Task instructions>
Each entry below should be echoed exactly, with pictures omitted.

Task inputs>
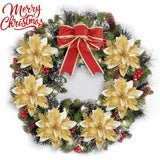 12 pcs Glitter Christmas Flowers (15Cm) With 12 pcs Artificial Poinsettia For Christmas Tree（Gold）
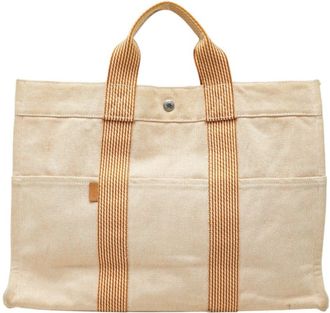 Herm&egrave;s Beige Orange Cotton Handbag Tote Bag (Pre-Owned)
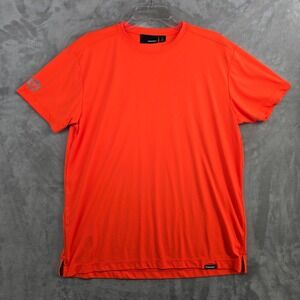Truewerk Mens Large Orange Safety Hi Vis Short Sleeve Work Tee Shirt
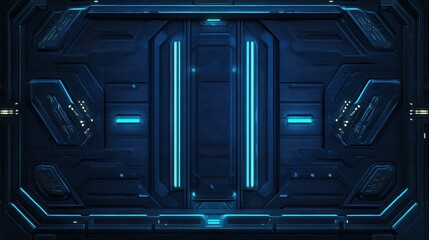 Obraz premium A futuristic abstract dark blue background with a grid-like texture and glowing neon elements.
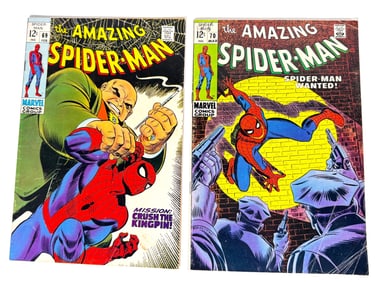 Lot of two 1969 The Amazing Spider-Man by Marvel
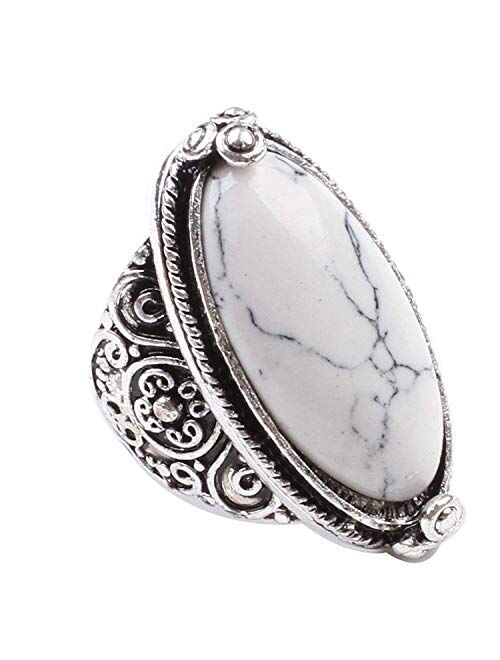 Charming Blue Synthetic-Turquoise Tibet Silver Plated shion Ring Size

Answer to this problem>
 12 pcs Glitter Christmas Flowers (15Cm) With 12 pcs Artificial Poinsettia For Christmas Tree（Gold）
 Herm&egrave;s Beige Orange Cotton Handbag Tote Bag (Pre-Owned)
Truewerk Mens Large Orange Safety Hi Vis Short Sleeve Work Tee Shirt
 Obraz premium A futuristic abstract dark blue background with a grid-like texture and glowing neon elements.
 Lot of two 1969 The Amazing Spider-Man by Marvel
 Charming Blue Synthetic-Turquoise Tibet Silver Plated shion Ring Size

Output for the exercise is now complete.